Work instructions: All of the data that follows should be retyped exactly, please, except the pictures.

╭─ Raw data

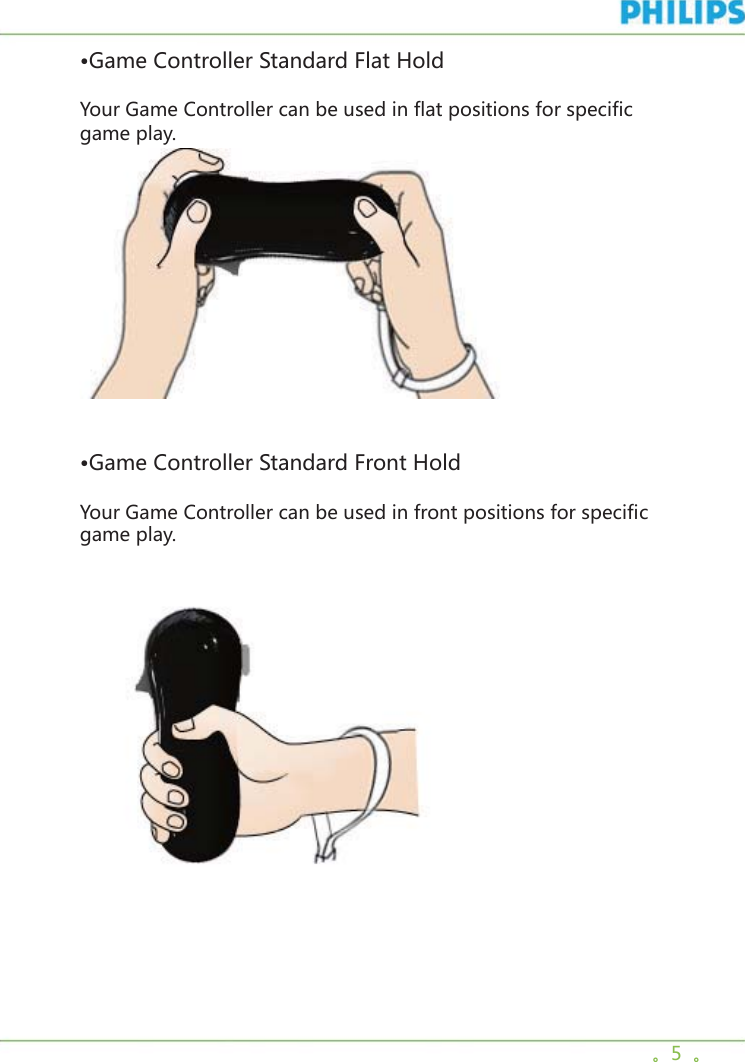 。5  。•Game Controller Standard Flat HoldYour Game Controller can be used in flat positions for specific game play.     •Game Controller Standard Front HoldYour Game Controller can be used in front positions for specific game play.     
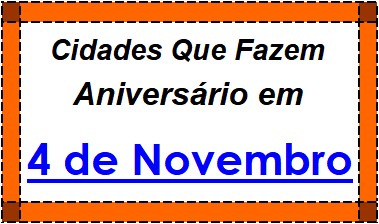 Cidades Brasileiras Que Fazem Aniversário no Dia 4 de Novembro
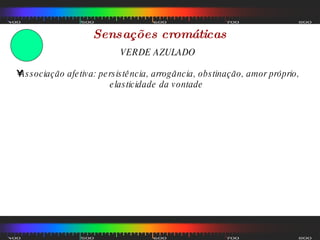 Sensações cromáticas VERDE AZULADO Associação afetiva: persistência, arrogância, obstinação, amor próprio, elasticidade da vontade  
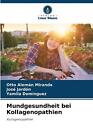 Mundgesundheit Bei Kollagenopathien By Otto Alem?N Miranda Paperback Book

╰─

Problem solution:
 。5  。•Game Controller Standard Flat HoldYour Game Controller can be used in flat positions for specific game play.     •Game Controller Standard Front HoldYour Game Controller can be used in front positions for specific game play.     
 Cidades Brasileiras Que Fazem Aniversário no Dia 4 de Novembro
 Sensações cromáticas VERDE AZULADO Associação afetiva: persistência, arrogância, obstinação, amor próprio, elasticidade da vontade  
 Mundgesundheit Bei Kollagenopathien By Otto Alem?N Miranda Paperback Book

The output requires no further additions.